Lawmaker says it’s time to change New Jersey’s anti-bullying law
New Jersey has what is considered by many to be the toughest anti-bully law in the nation, but one lawmaker is convinced the law needs to be tweaked.
Assemblyman Jon Bramnick, R-Union, said under the current system, the parents of the alleged bully are only told their son or daughter has been accused of harassment, intimidation or bullying at the end of an investigation conducted by the school. So he’s crafting a measure to ensure they would be immediately told when their child has been accused of a violation.
Bramnick says if a student is found guilty of bullying another child, “it’s a very serious mark on their history.”
Bramnick says a student accused of bullying has no "due process at all."
"The parents of the bully should be notified there’s a process going on, and they should be able to meet with the principal and simply explain to the principal what they know about the situation.”
“We’re not trying to end the law, we’re not trying to defend bullies, but we are giving the parents of this so-called alleged bully the opportunity to be heard.

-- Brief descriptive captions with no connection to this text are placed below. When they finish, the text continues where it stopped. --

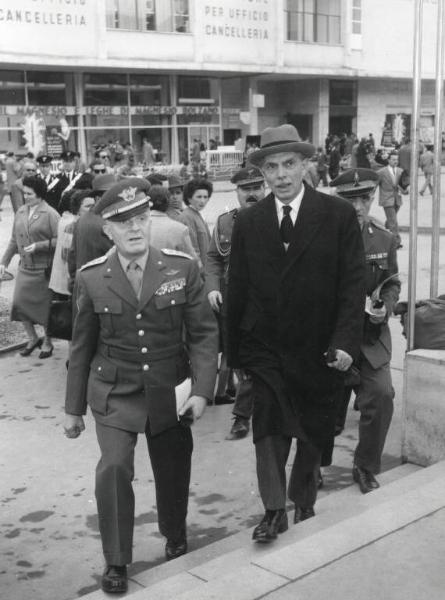 Fiera di Milano - Campionaria 1956 - Visita del Capo di Stato Maggiore dell'Esercito Generale Giorgio Liuzzi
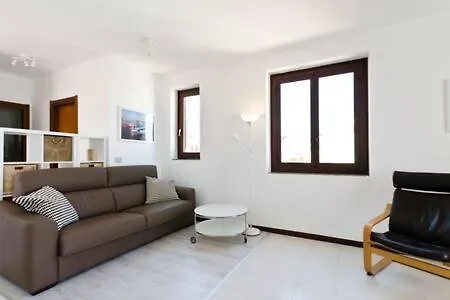 Casa Ciclopi * 아찌트라자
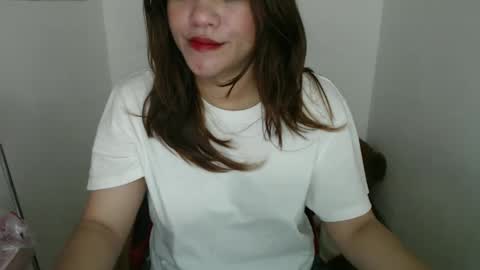 reign2525 online show from 02/26/25, 04:03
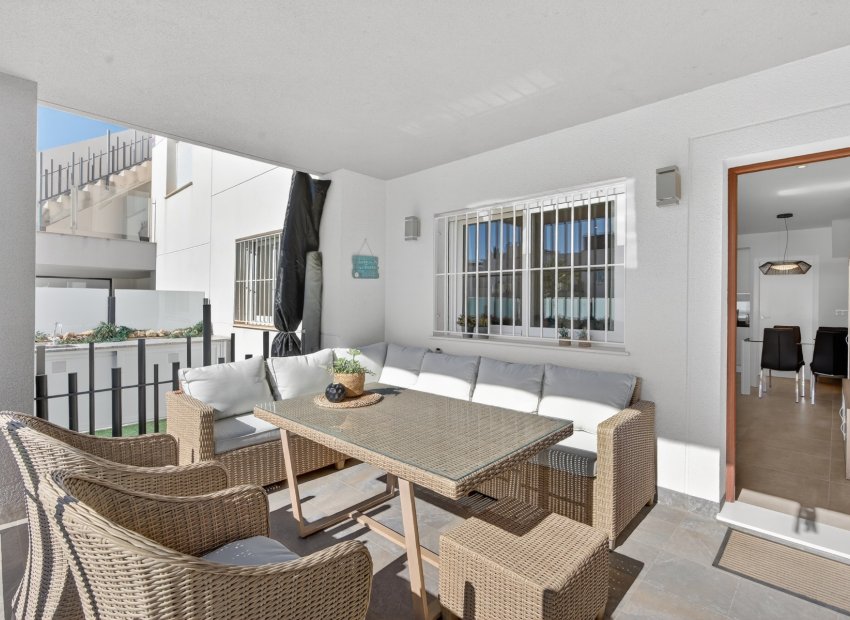 Resale - Apartment / flat - Torrevieia - Aguas Nuevas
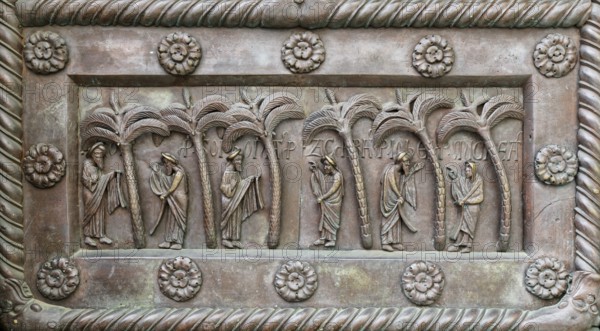 Disputing Prophets, detail Porta San Ranieri, sculptor Bonanus of Pisa, Bonanno Pisano, 1180,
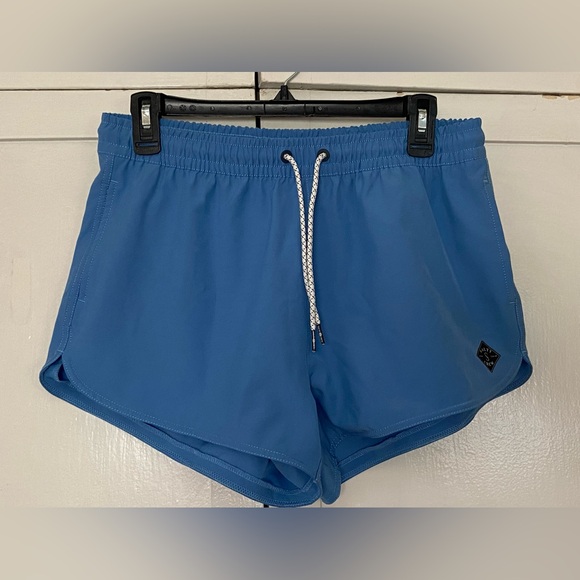 Salty Crew Shorts Pockets Adjustable Waist - Picture 3 of 10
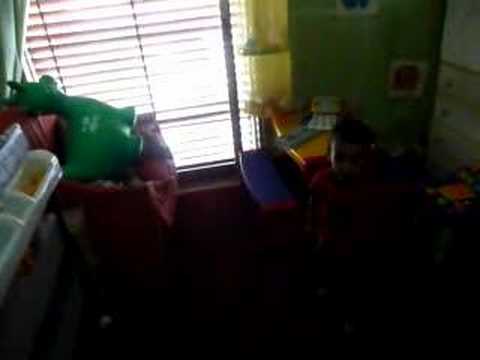 19 meses - Bailando La Fiesta en la Cueva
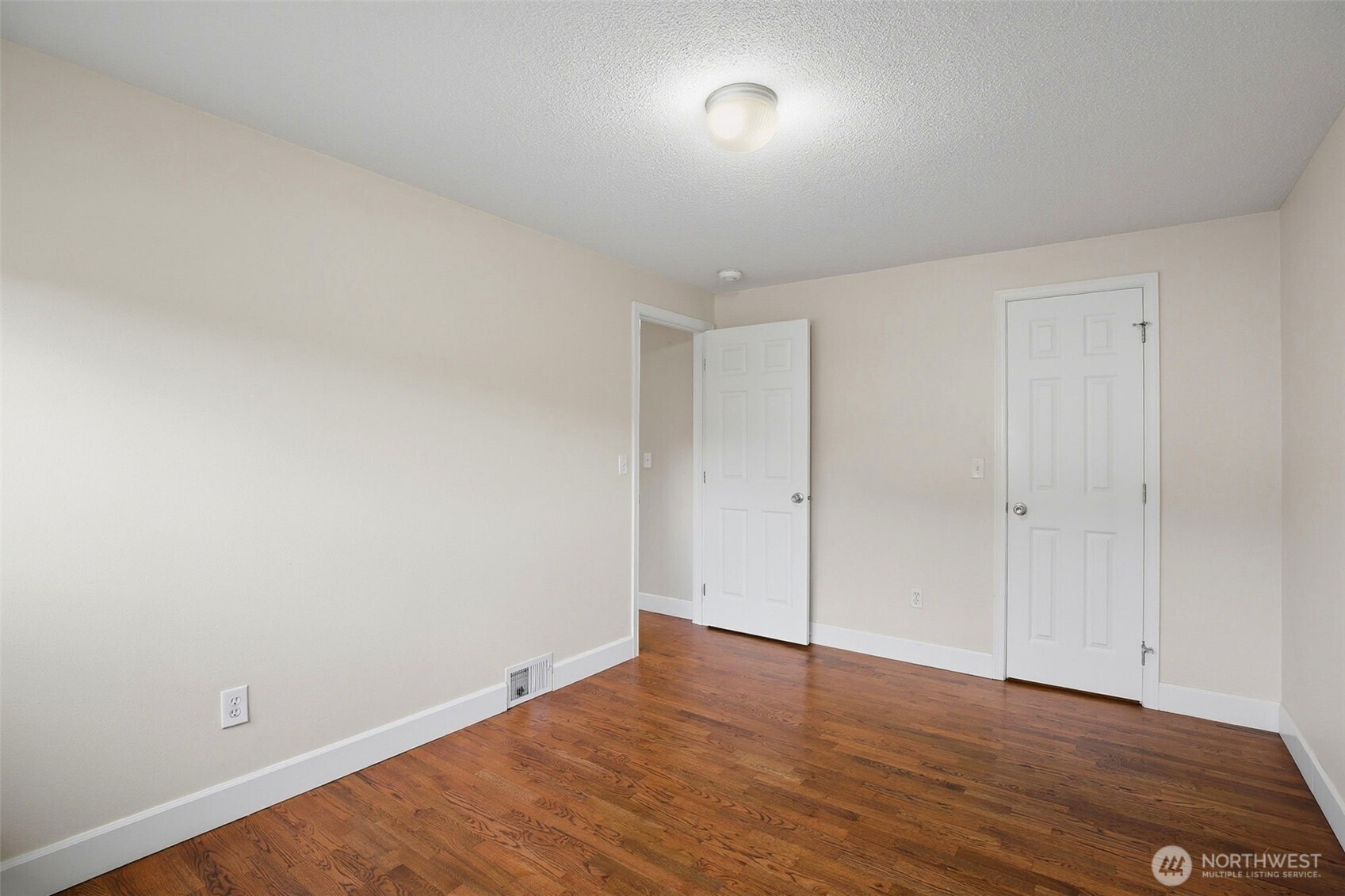 708 N L Street #2, Tacoma, WA 98403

They should at least have the opportunity to be heard and have a meeting with the principal. That’s all we’re saying.”
Gail Libertucci, an educational advocate and president of A Child Advocacy Place, said New Jersey’s anti-bullying law was enacted for a great purpose but “we’ve come to realize there are some unintended consequences that need to be addressed.”
She noted if a child is found at fault, depending on the school district, “the information is transmitted to the state and therefore it would follow them, let’s say if they apply for college, the student number would indicate that they had a HIB (harassment, intimidation and bullying) case.”
She pointed out in other districts the information is simply kept in a file cabinet, so it’s not consistent what happens to the data.
Libertucci also said if a child is classified as a HIB violator “then they have to go to court to have the label removed, so it’s kind of the reverse of our due process system here in our country where you’re innocent until proven guilty, with a HIB case you’re guilty until proven innocent.”
The Garden State’s anti-bullying law was adopted after the suicide death of Rutgers University freshman Tyler Clementi in 2010.
“We don’t want bullies in schools,” said Bramnick. “But if a principal determines to move forward with a bully investigation, it’s important to simply notify the parents of the alleged bully, so they can at least be heard and be notified of the process.
Bramnick said the legislation will be formally introduced within the next month or so.
State Department of Education spokesman Mike Yaple said in a written statement school discipline records are confidential, and parents do have the right to file an appeal if a determination is made their child had bullied another child.